[EXERCISE REQUIREMENTS] For the data that follows, return each line unchanged and drop the pictures.

[RAW DATA]
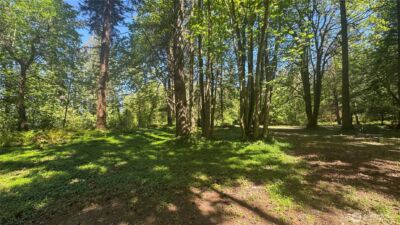 12820 SW Bank Rd , Vashon, WA 98070 - Photo 4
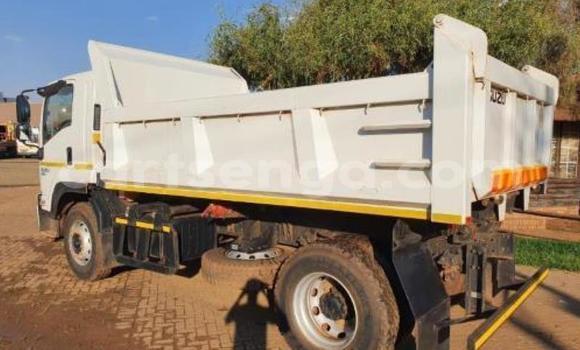 Acheter Occasion Utilitaire Isuzu FTR 850 Blanc à Mbabane, Manzini Acheter Occasion Utilitaire Isuzu FTR 850 Blanc à Mbabane, Manzini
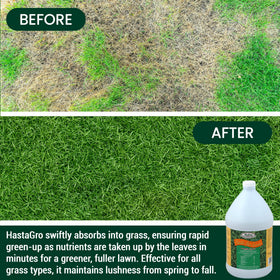 Medina HastaGro lawn spray being applied for even coverage.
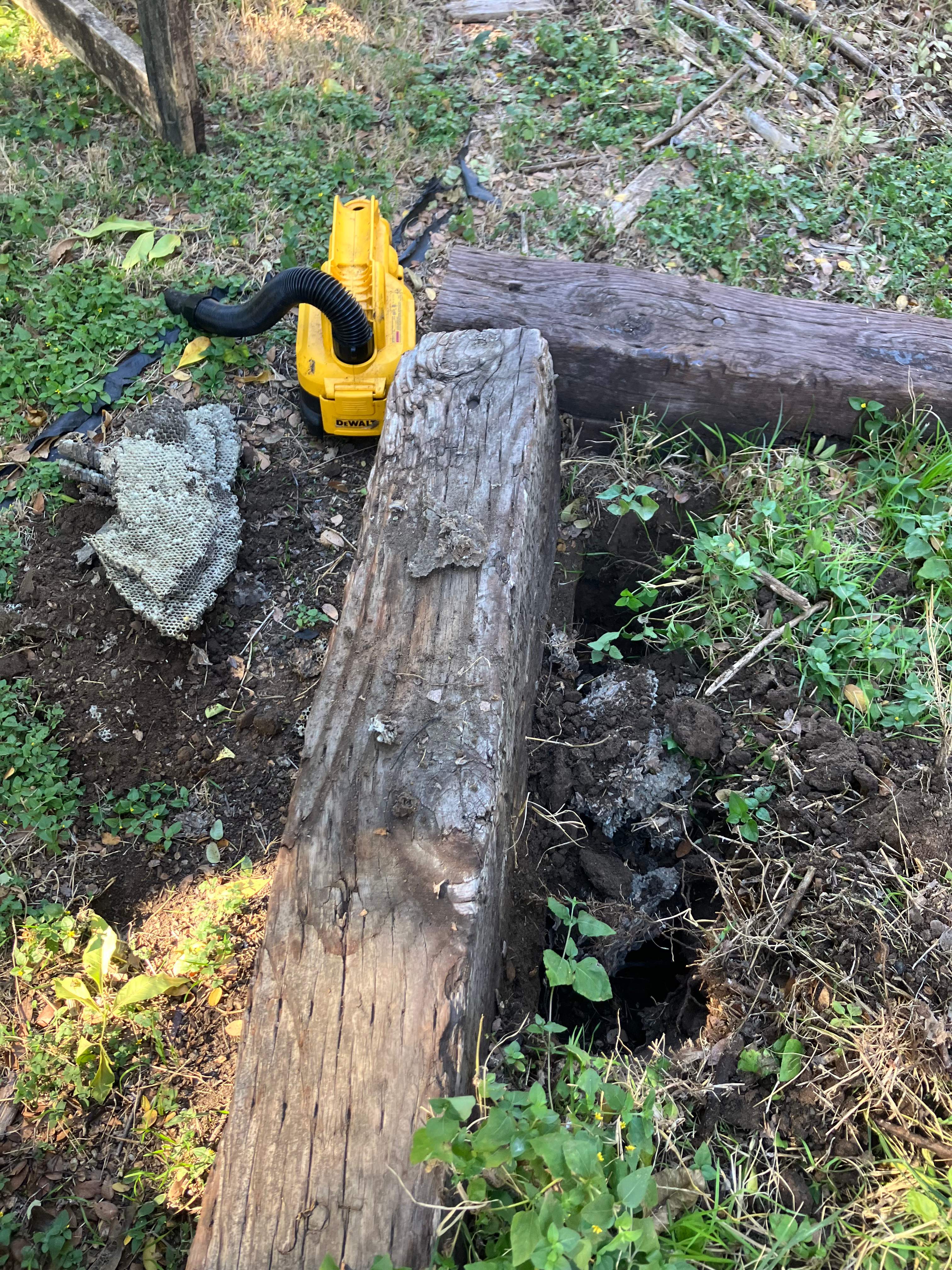 Yellowjackets at City Park by Rockwall Honey Bee Company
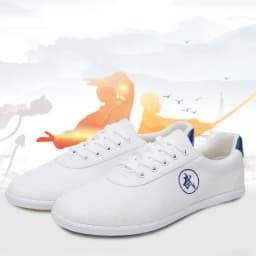 Canvas Kung Fu Shoes Martial Arts Tai Chi Taekwondo Wu Shu Karate Sport Shoes Sneakers Adult Shoes Large Size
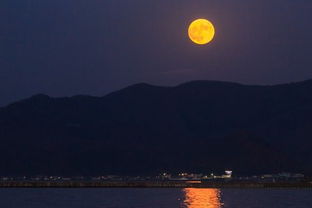 今晚月色真美的典故,今晚的月色真美,月色真美日语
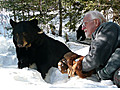 Bearwalker of the Northwoods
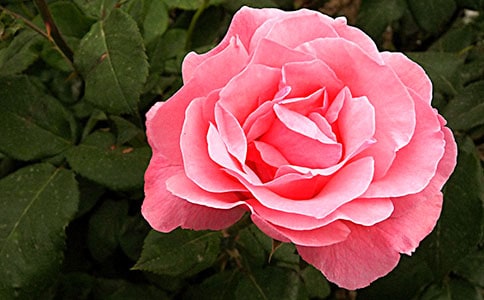 �����¼�����15ƪ�����㡿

[RESULT BELOW]
 12820 SW Bank Rd , Vashon, WA 98070 - Photo 4
 Acheter Occasion Utilitaire Isuzu FTR 850 Blanc à Mbabane, Manzini Acheter Occasion Utilitaire Isuzu FTR 850 Blanc à Mbabane, Manzini
 Medina HastaGro lawn spray being applied for even coverage.
 Yellowjackets at City Park by Rockwall Honey Bee Company
 Canvas Kung Fu Shoes Martial Arts Tai Chi Taekwondo Wu Shu Karate Sport Shoes Sneakers Adult Shoes Large Size
 今晚月色真美的典故,今晚的月色真美,月色真美日语
 Bearwalker of the Northwoods
 �����¼�����15ƪ�����㡿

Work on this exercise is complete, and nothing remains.